- **BRIEF**
Over all lines in the data below, count those holding "Hyundai" and give only the result.

________________

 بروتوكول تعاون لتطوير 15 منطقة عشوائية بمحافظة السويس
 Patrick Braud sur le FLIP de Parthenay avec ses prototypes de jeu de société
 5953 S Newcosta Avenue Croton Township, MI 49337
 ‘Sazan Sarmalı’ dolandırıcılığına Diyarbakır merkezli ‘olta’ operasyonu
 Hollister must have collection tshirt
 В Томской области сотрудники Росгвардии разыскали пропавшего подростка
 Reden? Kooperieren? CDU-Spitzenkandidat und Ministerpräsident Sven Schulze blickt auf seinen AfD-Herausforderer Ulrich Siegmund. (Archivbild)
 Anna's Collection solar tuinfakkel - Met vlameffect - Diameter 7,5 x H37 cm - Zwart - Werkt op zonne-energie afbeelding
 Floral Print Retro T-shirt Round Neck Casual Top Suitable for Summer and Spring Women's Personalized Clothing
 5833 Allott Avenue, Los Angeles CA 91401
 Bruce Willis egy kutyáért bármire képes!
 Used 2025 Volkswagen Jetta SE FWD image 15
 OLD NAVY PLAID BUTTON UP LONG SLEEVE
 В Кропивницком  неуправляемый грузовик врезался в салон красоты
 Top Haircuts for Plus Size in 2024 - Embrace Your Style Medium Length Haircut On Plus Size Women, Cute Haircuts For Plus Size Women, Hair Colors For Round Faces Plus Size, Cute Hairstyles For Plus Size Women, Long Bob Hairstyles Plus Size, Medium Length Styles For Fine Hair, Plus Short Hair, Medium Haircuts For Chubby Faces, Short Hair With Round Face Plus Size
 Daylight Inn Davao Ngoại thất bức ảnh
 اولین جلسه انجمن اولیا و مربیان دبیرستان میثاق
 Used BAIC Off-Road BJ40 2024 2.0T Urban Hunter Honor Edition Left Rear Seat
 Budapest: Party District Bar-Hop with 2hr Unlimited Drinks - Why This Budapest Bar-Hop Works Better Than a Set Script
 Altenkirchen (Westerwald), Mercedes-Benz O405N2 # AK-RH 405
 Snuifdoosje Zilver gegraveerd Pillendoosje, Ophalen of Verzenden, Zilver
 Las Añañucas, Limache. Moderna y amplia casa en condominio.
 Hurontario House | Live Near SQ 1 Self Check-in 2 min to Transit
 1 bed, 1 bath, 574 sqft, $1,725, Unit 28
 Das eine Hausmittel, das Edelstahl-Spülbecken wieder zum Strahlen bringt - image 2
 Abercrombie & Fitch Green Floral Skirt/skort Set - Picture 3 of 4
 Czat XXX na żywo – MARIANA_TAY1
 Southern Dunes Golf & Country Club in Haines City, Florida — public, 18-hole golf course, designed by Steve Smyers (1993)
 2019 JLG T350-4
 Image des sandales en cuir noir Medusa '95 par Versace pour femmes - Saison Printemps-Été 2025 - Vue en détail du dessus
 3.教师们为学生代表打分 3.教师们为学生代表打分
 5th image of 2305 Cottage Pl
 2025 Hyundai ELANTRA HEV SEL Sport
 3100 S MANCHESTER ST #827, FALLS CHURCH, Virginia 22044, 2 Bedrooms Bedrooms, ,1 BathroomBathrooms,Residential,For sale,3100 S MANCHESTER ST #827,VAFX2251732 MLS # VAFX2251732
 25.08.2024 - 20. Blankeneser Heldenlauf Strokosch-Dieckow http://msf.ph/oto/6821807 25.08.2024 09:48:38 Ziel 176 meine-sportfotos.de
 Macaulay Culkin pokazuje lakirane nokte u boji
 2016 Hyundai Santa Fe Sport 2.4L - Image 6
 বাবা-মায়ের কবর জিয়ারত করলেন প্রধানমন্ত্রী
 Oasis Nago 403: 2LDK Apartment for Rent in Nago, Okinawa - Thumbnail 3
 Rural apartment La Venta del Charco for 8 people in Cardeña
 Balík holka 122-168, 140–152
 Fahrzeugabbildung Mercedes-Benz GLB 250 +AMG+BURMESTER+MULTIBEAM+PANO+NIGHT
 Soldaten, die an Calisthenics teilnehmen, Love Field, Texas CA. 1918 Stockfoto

________________

- **WRITTEN REPLY**
2